▶ TRY IT:
Print nothing except the line holding "110 S Main St, Wichita, KS" and the lines that come after it in the material below, and leave the pictures out.

(SOURCE DATA)

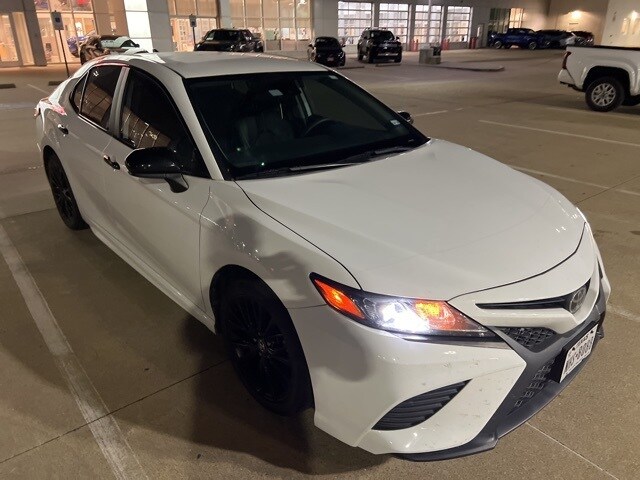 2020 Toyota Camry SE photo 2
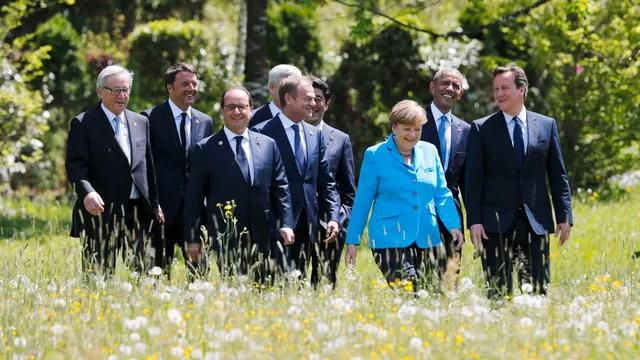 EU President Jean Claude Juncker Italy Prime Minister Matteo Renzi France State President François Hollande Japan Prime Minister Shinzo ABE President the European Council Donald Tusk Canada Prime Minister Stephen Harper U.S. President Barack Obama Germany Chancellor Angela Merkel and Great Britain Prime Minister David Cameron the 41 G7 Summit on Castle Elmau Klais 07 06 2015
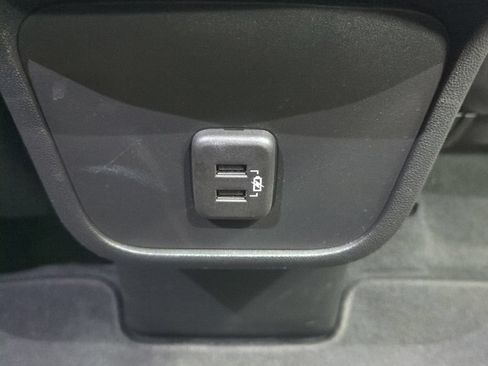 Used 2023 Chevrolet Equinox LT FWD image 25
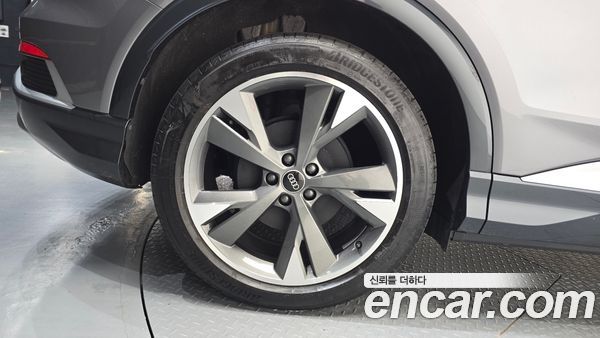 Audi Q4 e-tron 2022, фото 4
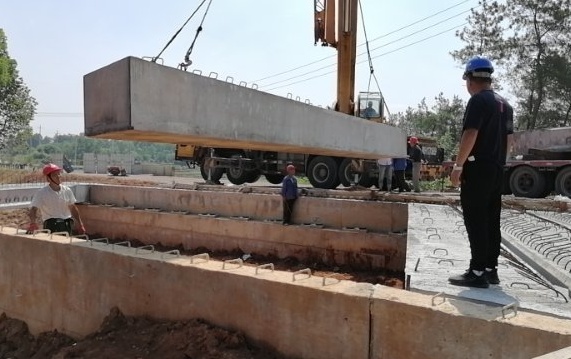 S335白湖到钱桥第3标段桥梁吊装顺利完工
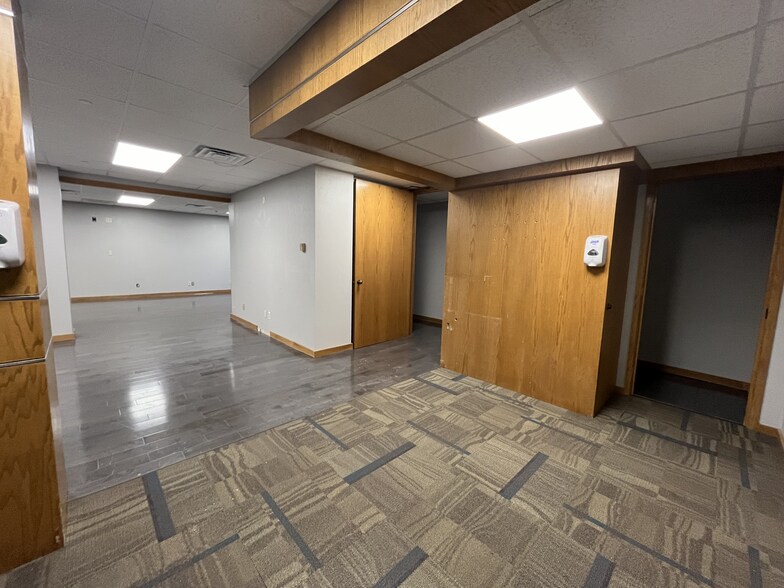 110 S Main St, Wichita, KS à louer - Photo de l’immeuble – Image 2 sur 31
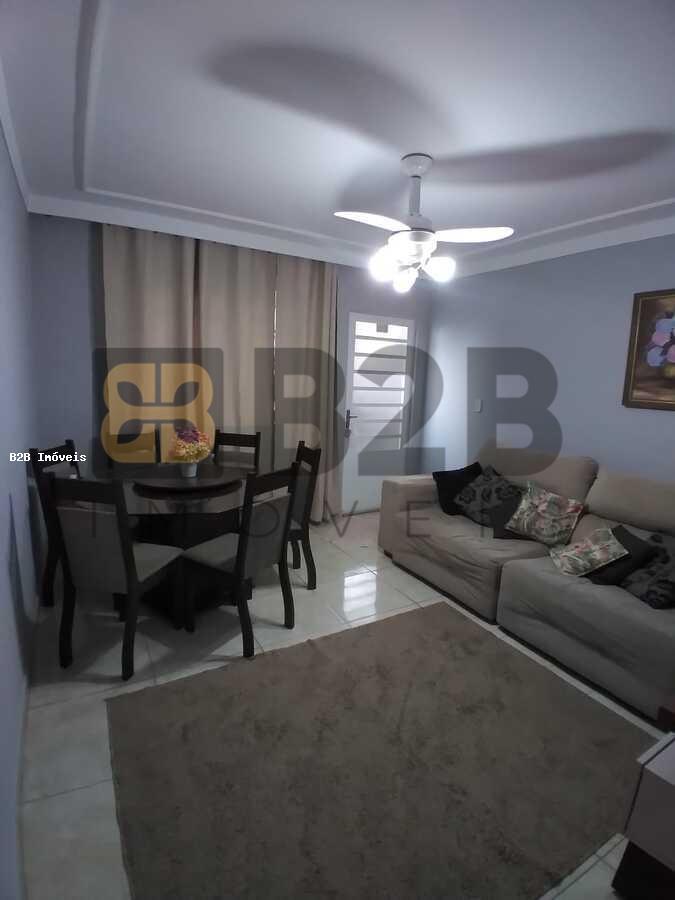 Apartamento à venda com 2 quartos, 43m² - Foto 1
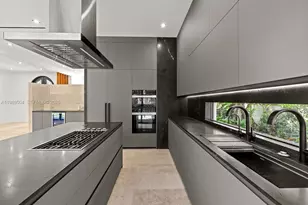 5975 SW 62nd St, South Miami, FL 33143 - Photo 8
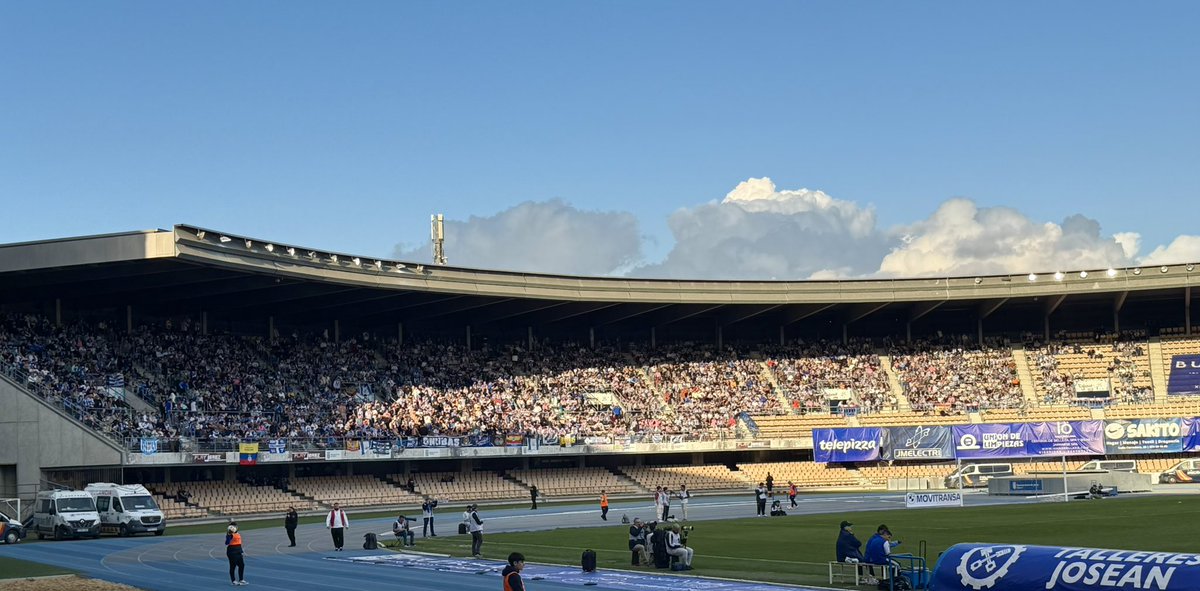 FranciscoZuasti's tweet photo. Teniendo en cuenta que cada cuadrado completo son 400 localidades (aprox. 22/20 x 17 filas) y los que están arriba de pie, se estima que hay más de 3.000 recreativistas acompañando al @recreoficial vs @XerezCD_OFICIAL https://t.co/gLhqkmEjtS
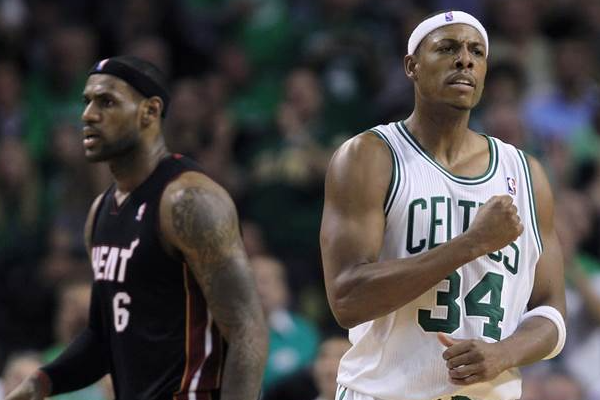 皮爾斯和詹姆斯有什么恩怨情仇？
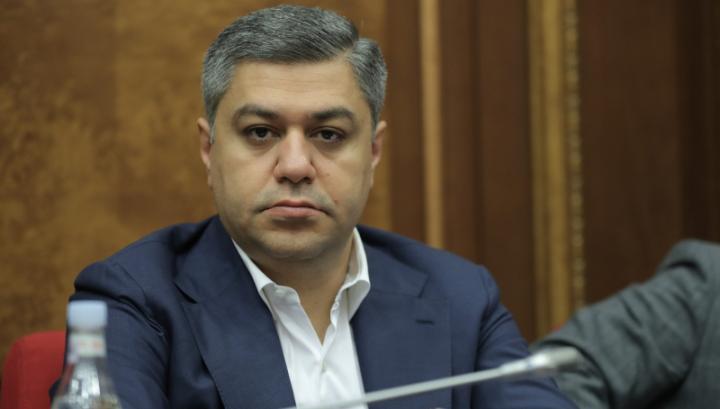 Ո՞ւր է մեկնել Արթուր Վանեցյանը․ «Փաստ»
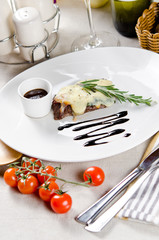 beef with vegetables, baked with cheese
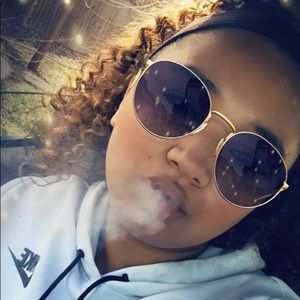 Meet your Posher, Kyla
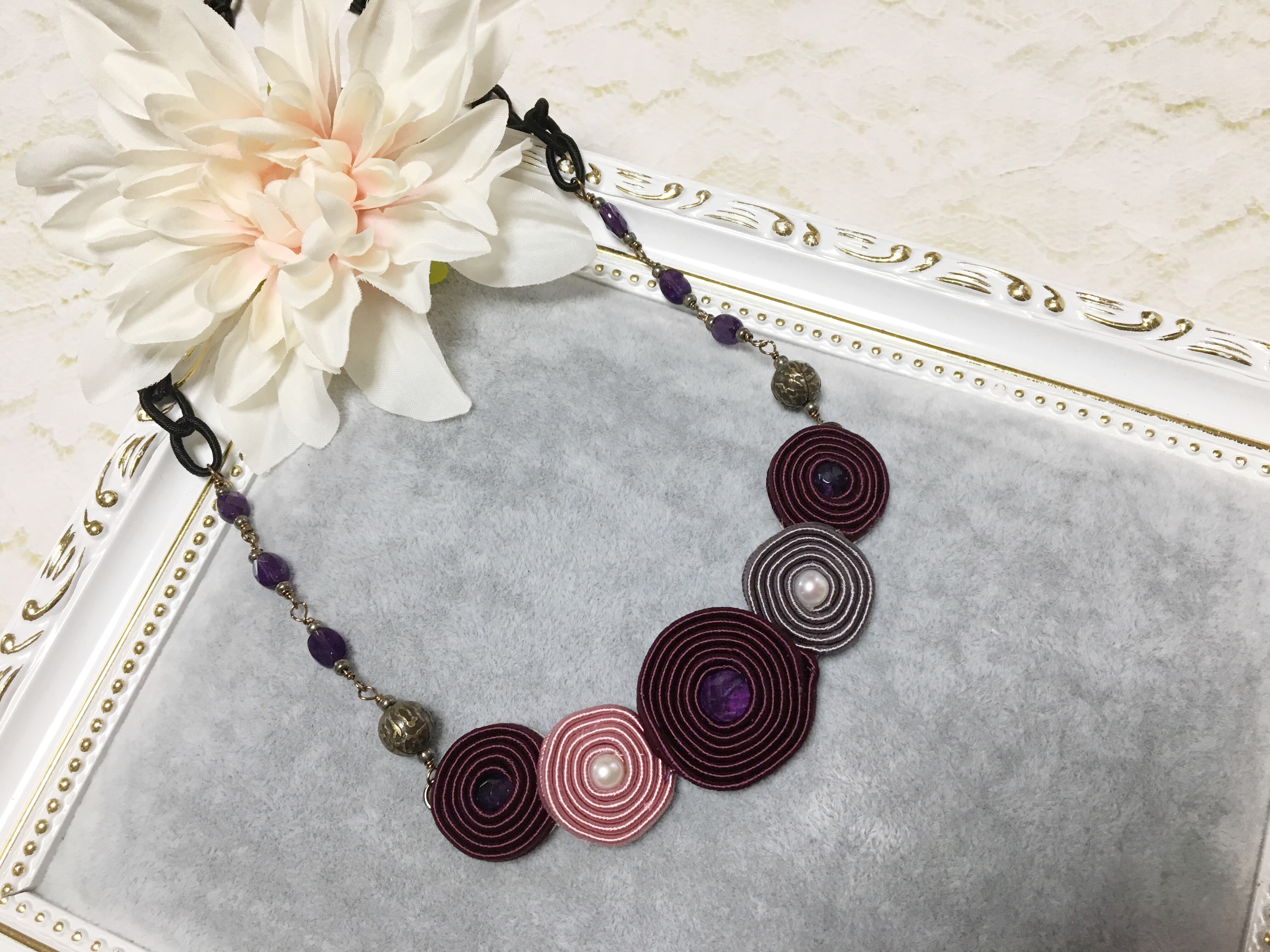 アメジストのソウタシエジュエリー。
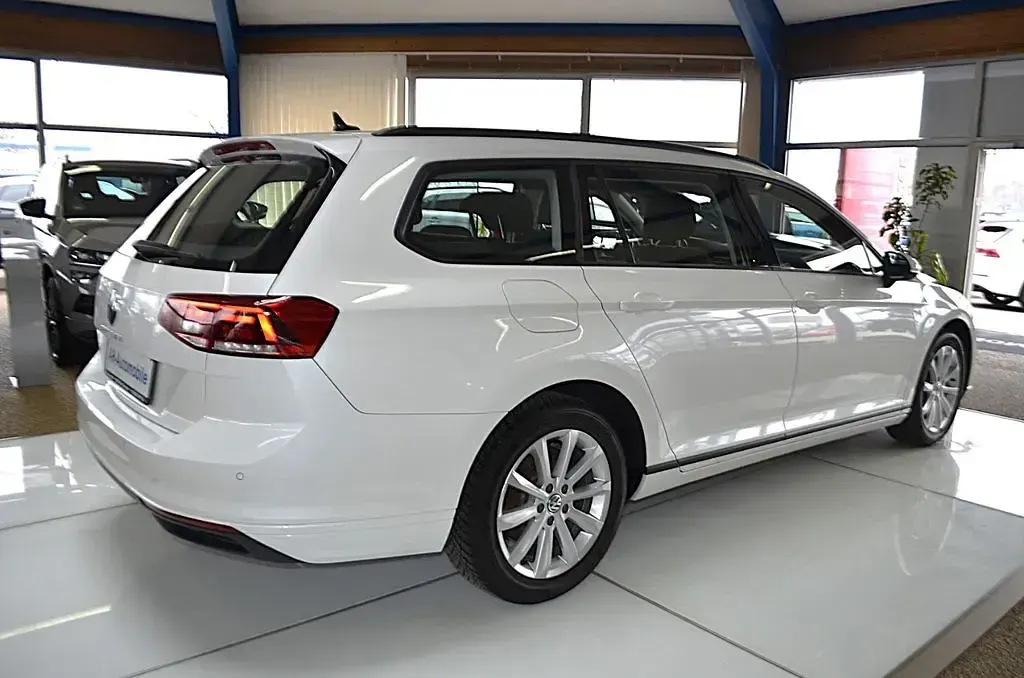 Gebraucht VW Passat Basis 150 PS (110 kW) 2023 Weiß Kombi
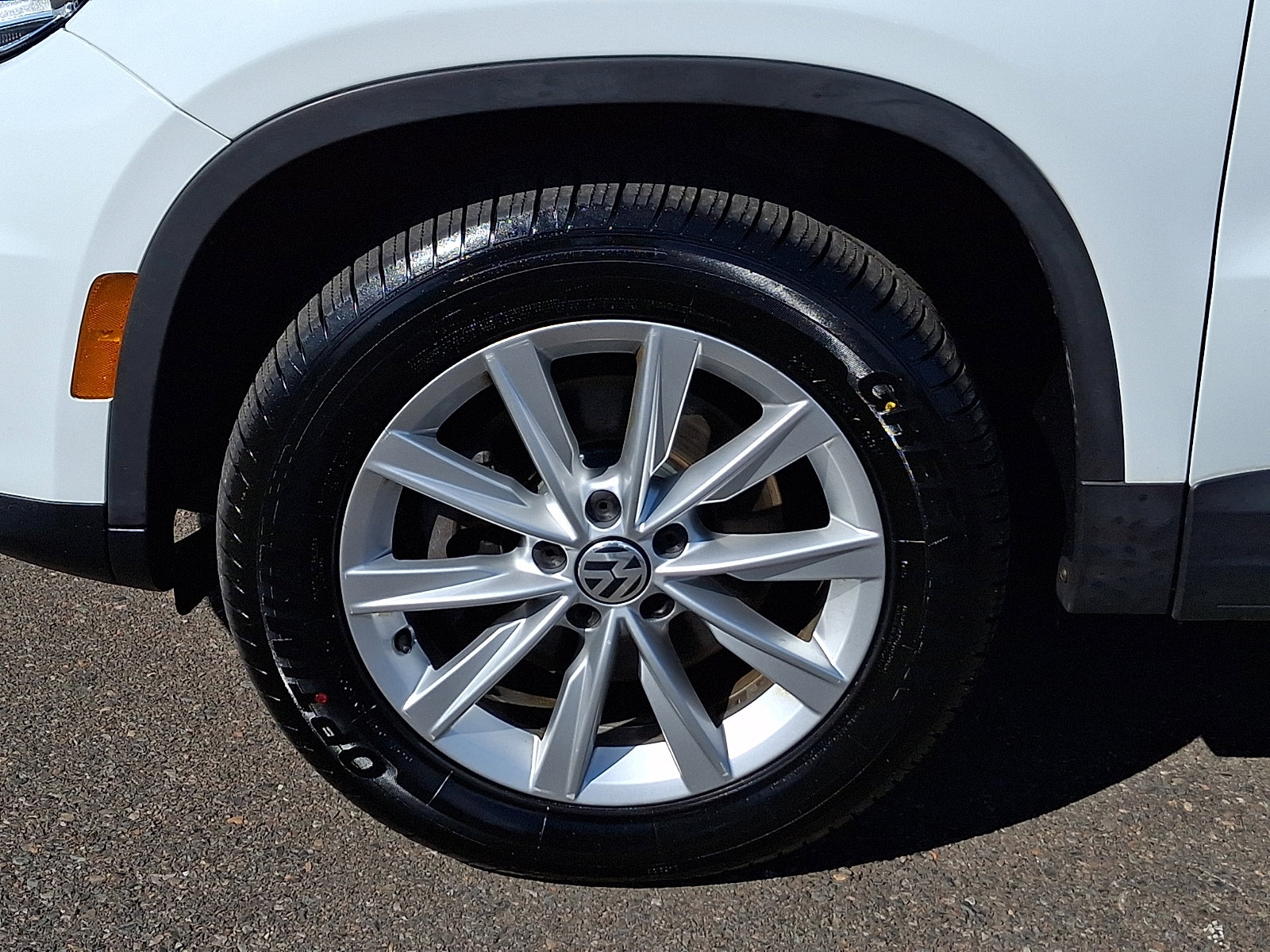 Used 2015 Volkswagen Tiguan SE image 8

(End SOURCE DATA)

▶ OUTPUT FOR THIS TASK:
 110 S Main St, Wichita, KS à louer - Photo de l’immeuble – Image 2 sur 31
 Apartamento à venda com 2 quartos, 43m² - Foto 1
 5975 SW 62nd St, South Miami, FL 33143 - Photo 8
 FranciscoZuasti's tweet photo. Teniendo en cuenta que cada cuadrado completo son 400 localidades (aprox. 22/20 x 17 filas) y los que están arriba de pie, se estima que hay más de 3.000 recreativistas acompañando al @recreoficial vs @XerezCD_OFICIAL https://t.co/gLhqkmEjtS
 皮爾斯和詹姆斯有什么恩怨情仇？
 Ո՞ւր է մեկնել Արթուր Վանեցյանը․ «Փաստ»
 beef with vegetables, baked with cheese
 Meet your Posher, Kyla
 アメジストのソウタシエジュエリー。
 Gebraucht VW Passat Basis 150 PS (110 kW) 2023 Weiß Kombi
 Used 2015 Volkswagen Tiguan SE image 8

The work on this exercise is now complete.